AI & LLMsUpdated May 6, 2026

Chain of thought (CoT)

Definition

Chain of thought is a prompting technique that improves a model's reasoning by encouraging it to work through a problem step by step before giving a final answer. Making intermediate reasoning explicit helps models handle multi-step math, logic, and planning tasks more reliably. Once a hand-written prompting trick, chain-of-thought reasoning is now built directly into reasoning models that think before they respond.

How it works

Chain-of-thought prompting asks a model to spell out its intermediate steps rather than jumping straight to an answer. A simple instruction like "think step by step" or a few worked examples can prompt the model to generate a reasoning trace before concluding.

The technique works because generating intermediate steps gives the model more room to compute. Each step conditions the next, so the model can break a hard problem into smaller, more tractable pieces — much like showing your work on a math problem.

Variants extend the core idea:

Zero-shot CoT triggers reasoning with a short instruction and no examples.
Few-shot CoT supplies example problems with worked solutions.
Self-consistency samples several reasoning paths and takes the majority answer.

In current reasoning models, chain-of-thought is no longer just a prompt. The model is trained to produce extended internal reasoning automatically, often hidden from the user, and to spend more computation thinking before it answers.

Why it matters

Chain of thought was a key discovery in making language models reliable on complex tasks. Problems that models failed when forced to answer immediately became solvable when allowed to reason in steps. This unlocked stronger performance on math, coding, logic, and planning.

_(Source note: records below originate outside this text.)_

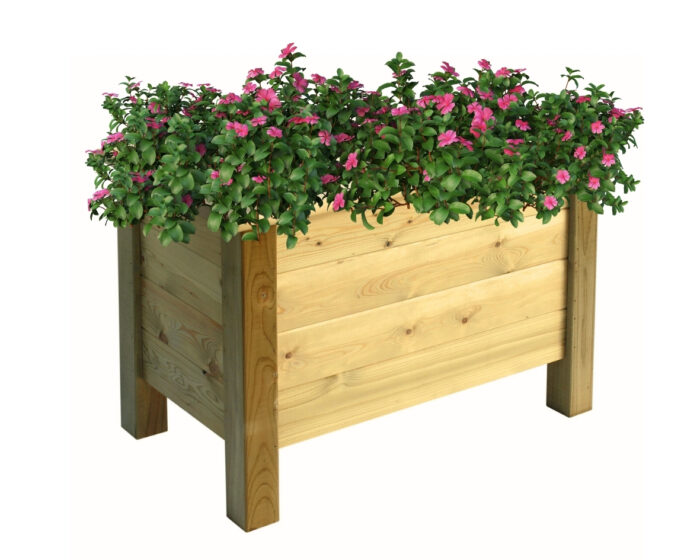 Plaza Planter Rectangular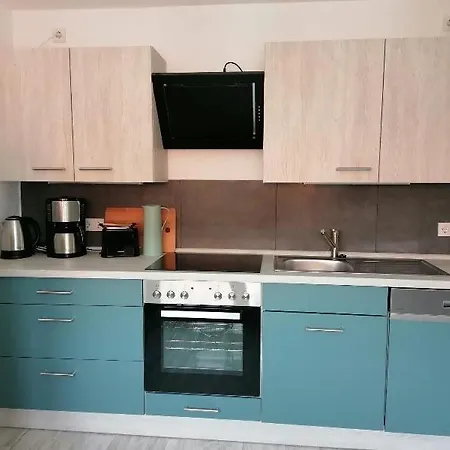 Austernfischer شقة *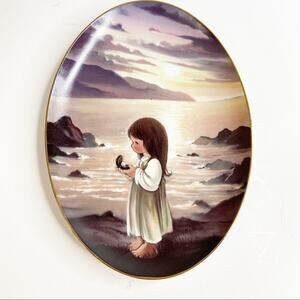 1995 Precious Moments The Pearl Of Great Price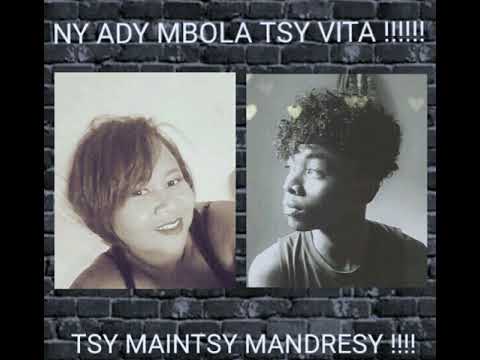 Princess Mirhanda feat  Mic Hir Ady mbola tsy vita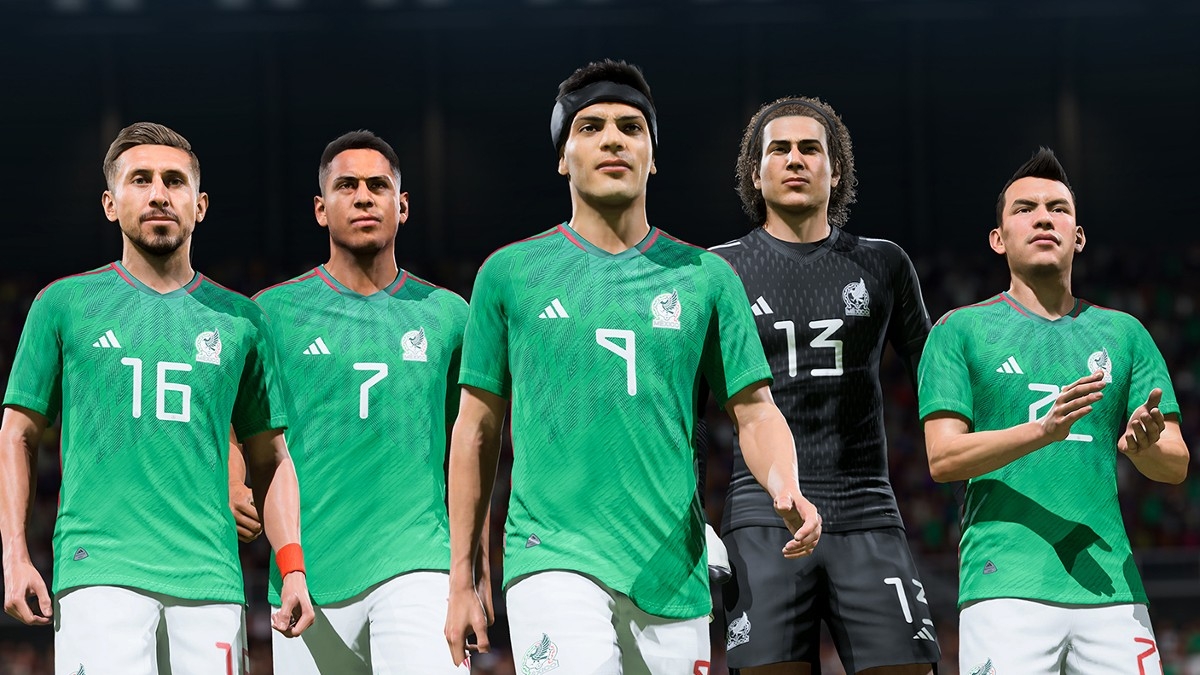 ¿Mundial difícil? EA Sports da su pronóstico para México en Qatar 2022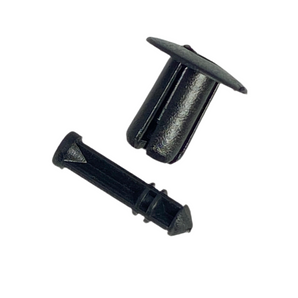 CLIP - 7x12MM ROUND 14MM, NYLON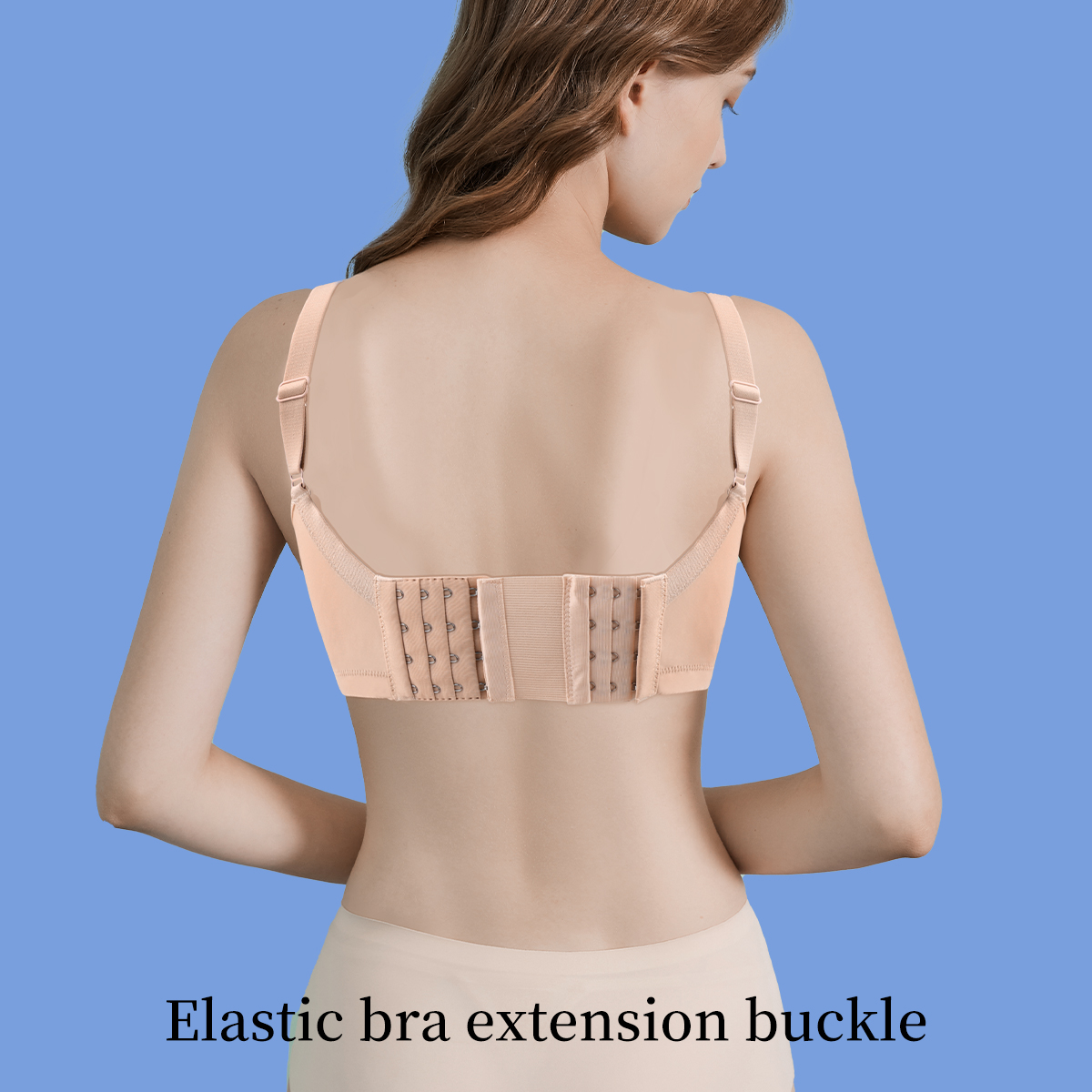 3 Pieces of Elastic Bra Extens - Women Accessories Pk avaliação e preço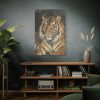 91655-264.jpg Tiger by Vastagh Géza Standard Canvas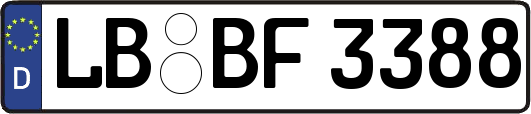 LB-BF3388
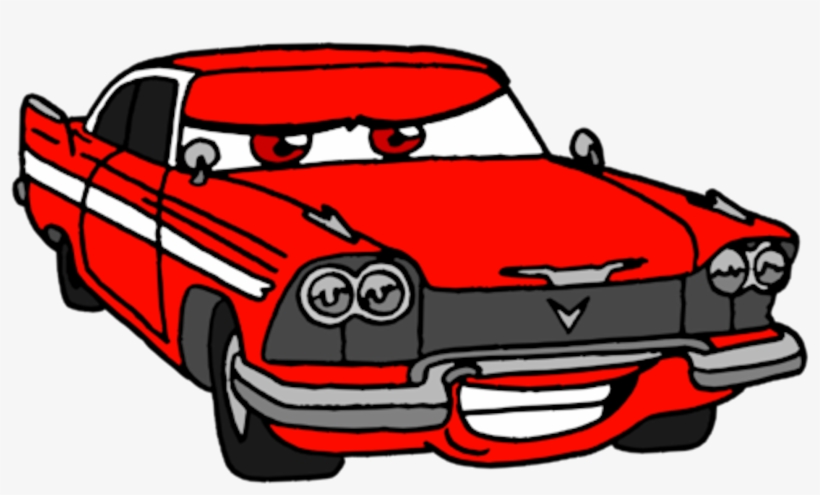 Christine - Car, transparent png #648436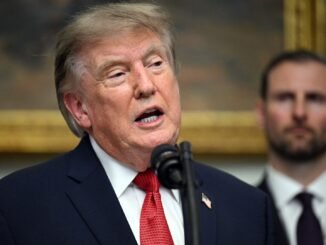 Trump declares 'economic warfare' on Iran, threatens its backers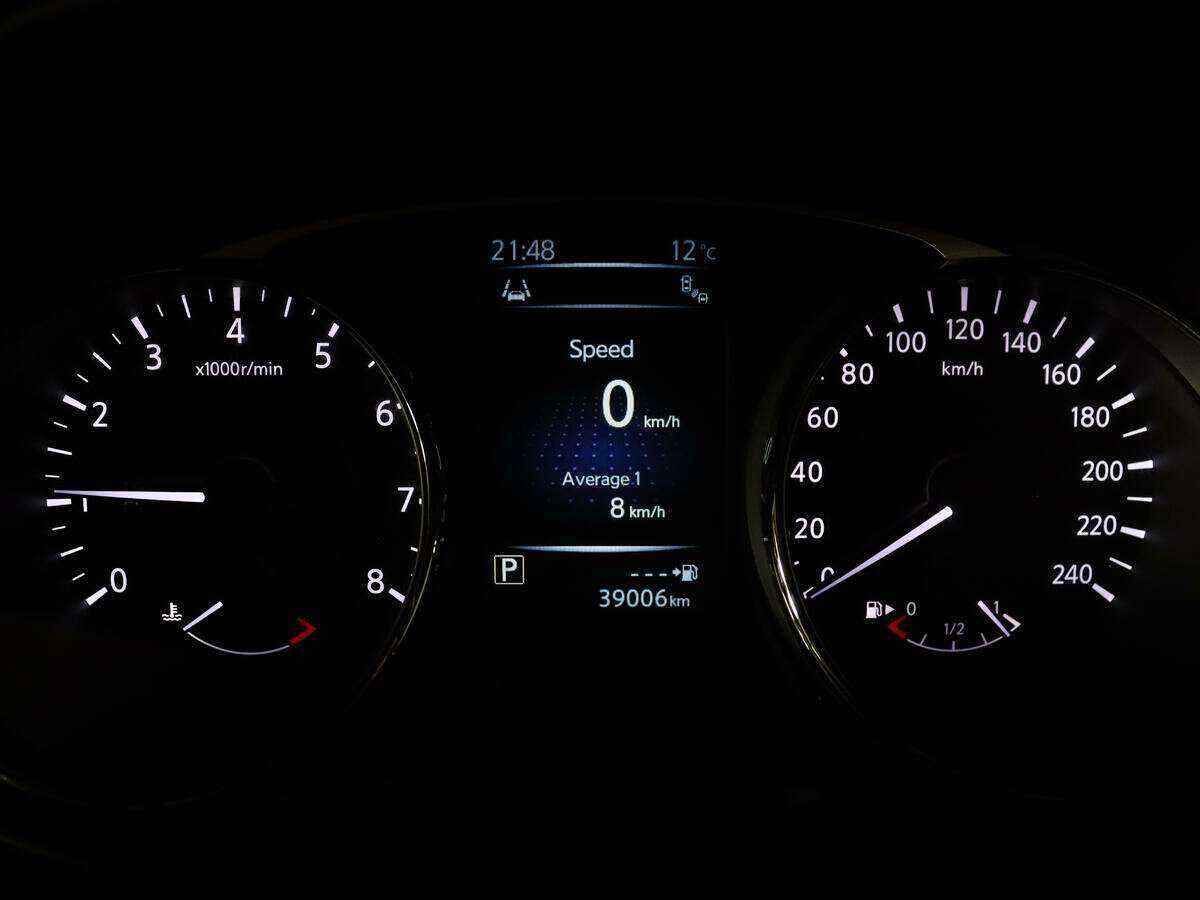 Купить Nissan X-Trail, 2015, 39 100 км, фото №8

It also improves transparency. A visible reasoning trace lets users and developers see how a model reached a conclusion, making errors easier to spot — though reasoning traces do not always faithfully reflect the model's true internal process.

For AI search and grounding, step-by-step reasoning helps a system decide what to retrieve, how to weigh sources, and how to synthesize them into an accurate answer — reducing the leaps that lead to hallucinated or poorly supported claims.

Frequently asked questions

What is chain-of-thought prompting?

It is a technique where you prompt a model to reason step by step before answering, often with an instruction like "think step by step" or with worked examples. Generating intermediate steps improves accuracy on multi-step math, logic, and planning problems.

How is chain of thought related to reasoning models?

Reasoning models bake chain-of-thought reasoning into the model itself. Instead of relying on a prompt, they are trained to produce extended internal reasoning automatically and to spend extra computation thinking before responding.

Does chain of thought always improve accuracy?

It usually helps on complex, multi-step tasks but adds little to simple lookups and increases latency and token cost. Reasoning traces can also look convincing while being wrong, so output should still be verified for high-stakes use.

Is the model's reasoning trace its real thinking?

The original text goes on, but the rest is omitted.